Attorney General Sessions on @NFL players #TakeTheKnee: “It’s a big mistake to protest in that fashion.” https://t.co/F2gW6uaq9o pic.twitter.com/Y0C2GsvdUJ
— CSPAN (@cspan) September 26, 2017
President Trump has spent the last few days railing against black athletes while zeroing in on those NFL players who protested racial injustice by kneeling during the national anthem. Slowly, other members of the Trump administration have supported the president like Chief of Staff John Kelly (if a Trump tweet is to be believed) and Treasury Secretary Steve Mnuchin, who said players could “do free speech on their own time.”
Attorney General Jeff Sessions took a break from being berated by his boss to defend the president’s comments and further characterize the players’ protests against inequality and police brutality as “disrespect for the military”:
“Well, the president has free speech rights, too. Je sends soldiers out every day to defend this country under the flag of the United States, under the national anthem and the unity those symbols call on us to adhere to.

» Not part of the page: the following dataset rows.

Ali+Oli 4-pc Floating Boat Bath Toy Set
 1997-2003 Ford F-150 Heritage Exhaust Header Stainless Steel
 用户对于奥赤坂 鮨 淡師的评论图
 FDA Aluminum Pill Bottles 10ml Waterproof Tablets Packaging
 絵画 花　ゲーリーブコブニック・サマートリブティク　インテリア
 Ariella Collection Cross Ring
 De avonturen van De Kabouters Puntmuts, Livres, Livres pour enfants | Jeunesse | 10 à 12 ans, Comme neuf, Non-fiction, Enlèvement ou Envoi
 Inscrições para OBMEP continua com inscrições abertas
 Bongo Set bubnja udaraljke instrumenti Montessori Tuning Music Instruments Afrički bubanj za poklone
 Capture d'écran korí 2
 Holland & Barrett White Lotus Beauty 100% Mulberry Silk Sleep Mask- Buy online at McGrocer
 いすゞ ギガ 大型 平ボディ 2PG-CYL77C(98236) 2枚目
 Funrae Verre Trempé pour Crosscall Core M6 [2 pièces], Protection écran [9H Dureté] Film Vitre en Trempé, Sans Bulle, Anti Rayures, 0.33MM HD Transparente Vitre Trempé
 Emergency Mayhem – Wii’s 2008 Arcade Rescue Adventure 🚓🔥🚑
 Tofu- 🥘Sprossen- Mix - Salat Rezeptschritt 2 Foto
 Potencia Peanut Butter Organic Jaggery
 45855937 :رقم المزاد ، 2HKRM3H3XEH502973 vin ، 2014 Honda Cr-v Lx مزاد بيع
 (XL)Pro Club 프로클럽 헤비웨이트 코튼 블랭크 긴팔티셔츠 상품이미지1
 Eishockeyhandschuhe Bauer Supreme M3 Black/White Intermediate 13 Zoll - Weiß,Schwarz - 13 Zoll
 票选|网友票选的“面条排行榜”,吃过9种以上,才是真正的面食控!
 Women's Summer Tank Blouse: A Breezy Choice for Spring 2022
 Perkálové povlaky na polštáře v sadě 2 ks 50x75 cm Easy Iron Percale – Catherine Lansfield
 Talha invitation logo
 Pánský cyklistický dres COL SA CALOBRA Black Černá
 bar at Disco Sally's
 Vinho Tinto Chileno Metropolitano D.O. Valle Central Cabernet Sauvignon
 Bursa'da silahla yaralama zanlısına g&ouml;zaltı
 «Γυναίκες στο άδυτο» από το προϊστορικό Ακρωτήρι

I agree that it’s a big mistake to protest in that fashion because it weakens the commitment we have to this nation.”
Sessions said the players wouldn’t be prosecuted for protesting but that not everywhere was a place to protest. He also believes that colleges shouldn’t become echo chambers by limiting speech that might be deemed offensive.
Outside of the event, Georgetown students (those who were not invited to a speech given by a sitting politician at Georgetown Law School) called Sessions hypocritical with some holding signs that read, “Hate speech is not free speech” and “Why do you silence dissent but applaud free speech?” They also pointed to the Department of Justice defending the free-speech rights of a Colorado baker who refused to bake a cake for a gay couple’s wedding.